What the task asks |
Please output the listing that follows exactly, but keep all images out.

Given material |
== == ==
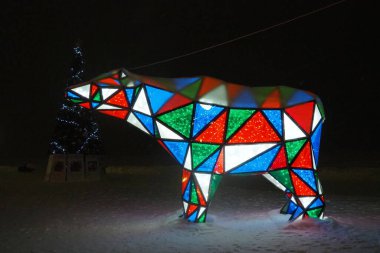 Ayı çelengi. Çok renkli, ışıl ışıl parlayan yeni yıl ayısı geceleri kar üzerinde. Kurulum figürü, tatilde sokakları dekore etmek için mimari form. Kırmızı, mavi, yeşil, beyaz üçgen..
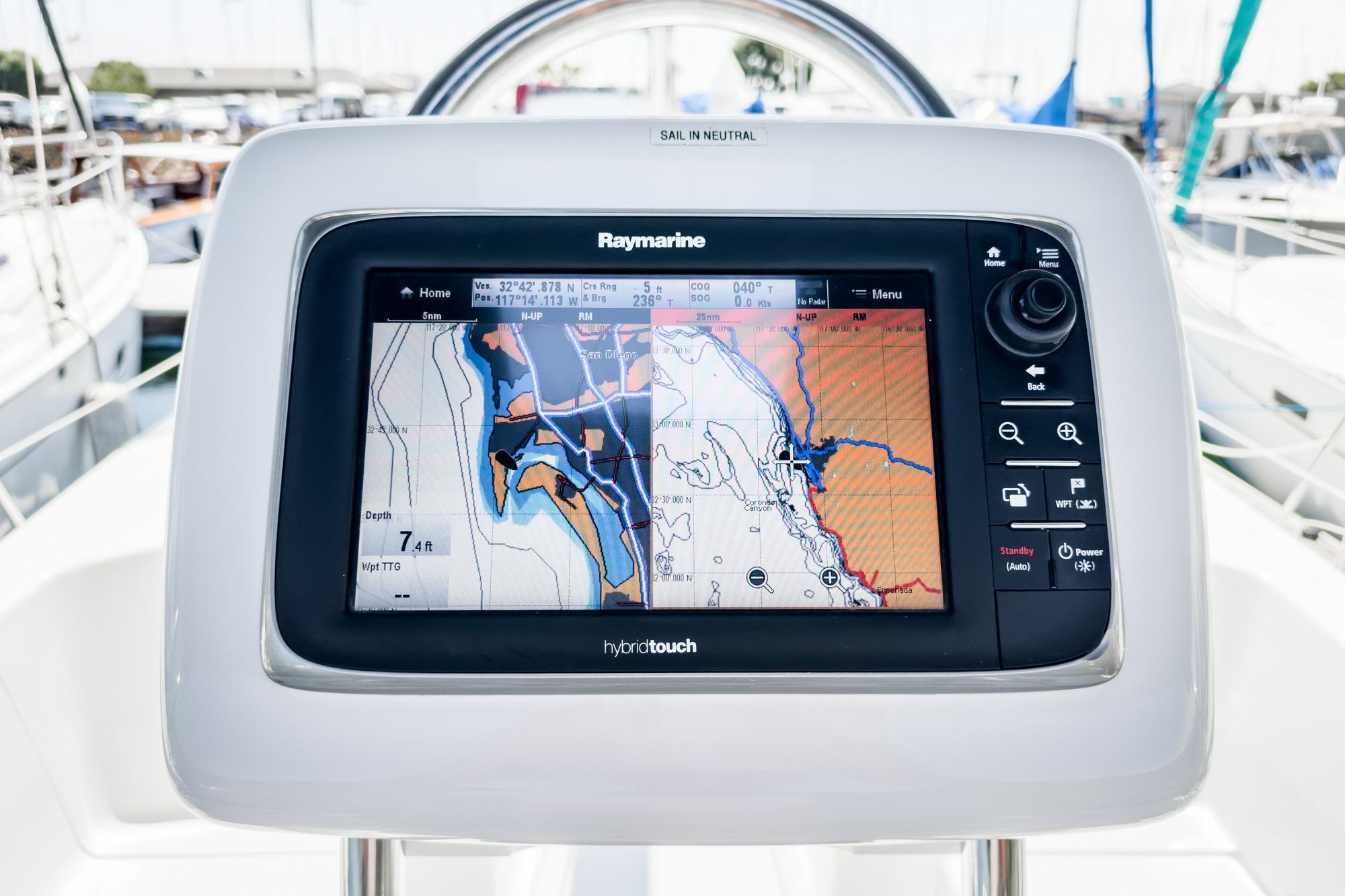 Raymarine navigation system on 2015 Hunter 33 sailboat, displaying nautical chart.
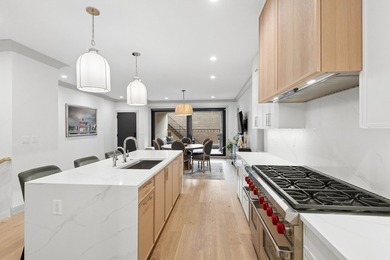 Welcome to this exceptional 4-bedroom, 3.1-bath duplex residence - photo 9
== == ==
Solution for this problem |
 Ayı çelengi. Çok renkli, ışıl ışıl parlayan yeni yıl ayısı geceleri kar üzerinde. Kurulum figürü, tatilde sokakları dekore etmek için mimari form. Kırmızı, mavi, yeşil, beyaz üçgen..
 Raymarine navigation system on 2015 Hunter 33 sailboat, displaying nautical chart.
 Welcome to this exceptional 4-bedroom, 3.1-bath duplex residence - photo 9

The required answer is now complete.